ENTRIES PROVIDED ->
+ + + + +
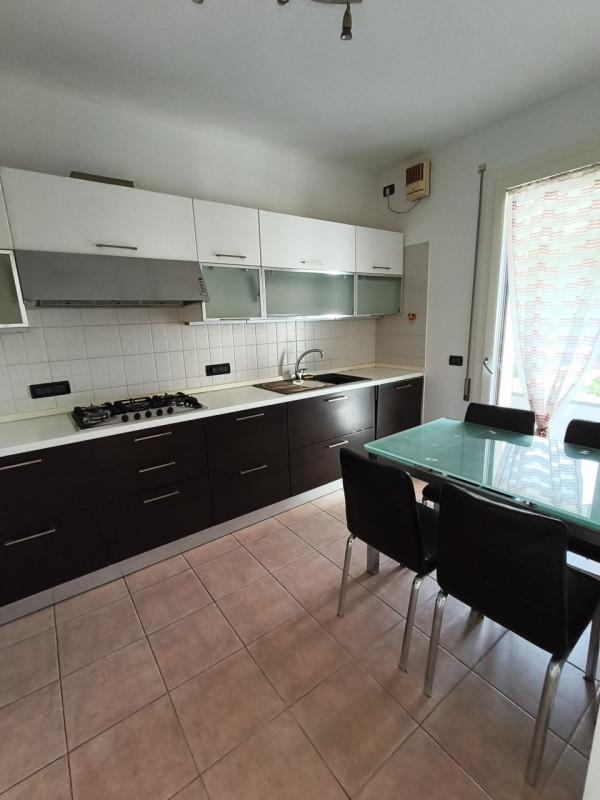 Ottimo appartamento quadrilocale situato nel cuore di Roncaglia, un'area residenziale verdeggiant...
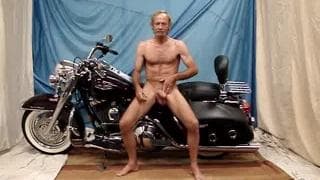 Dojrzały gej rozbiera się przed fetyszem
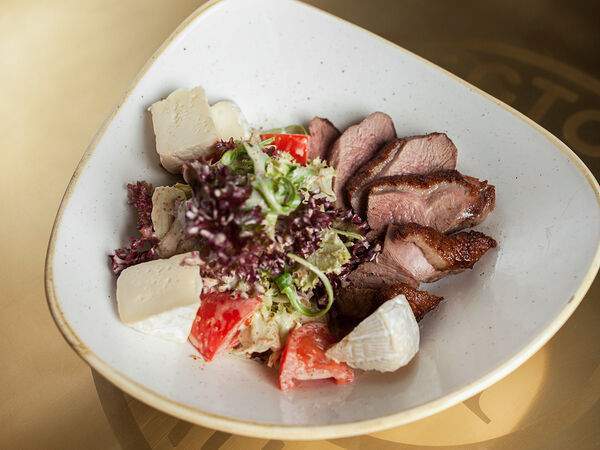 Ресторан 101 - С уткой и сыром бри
+ + + + +
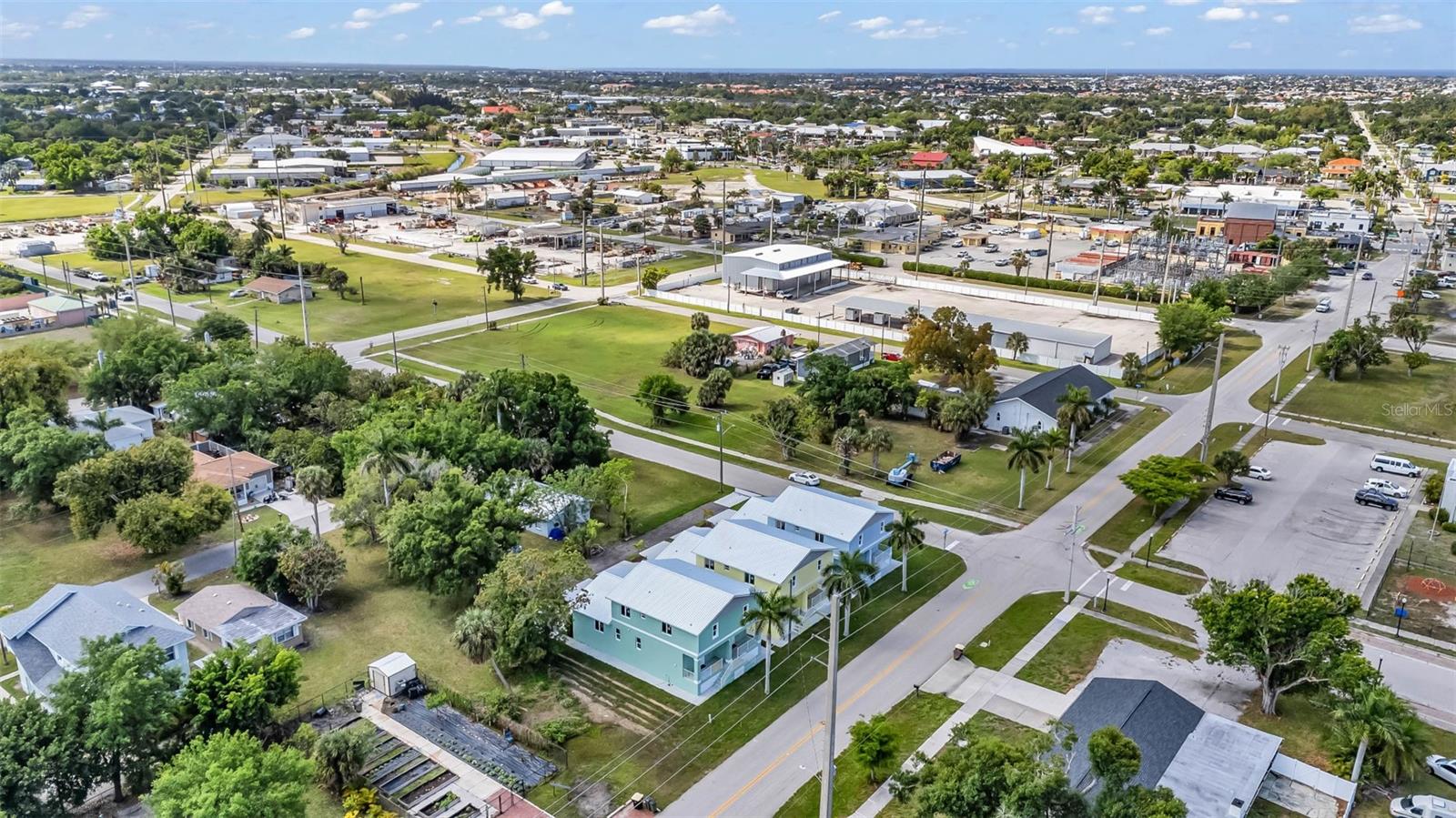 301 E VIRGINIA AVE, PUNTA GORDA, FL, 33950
+ + + + +
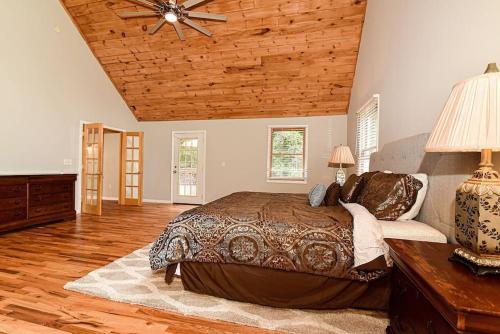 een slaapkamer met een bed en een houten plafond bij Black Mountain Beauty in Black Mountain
+ + + + +
TASK DESCRIPTION ->
From the records above, output only the lines starting at the one containing "Ottimo appartamento quadrilocale" and ending at the one containing "Ресторан 101 - С уткой и сыром бри", word for word. Pictures stay out.

TASK ANSWER ->
 Ottimo appartamento quadrilocale situato nel cuore di Roncaglia, un'area residenziale verdeggiant...
 Dojrzały gej rozbiera się przed fetyszem
 Ресторан 101 - С уткой и сыром бри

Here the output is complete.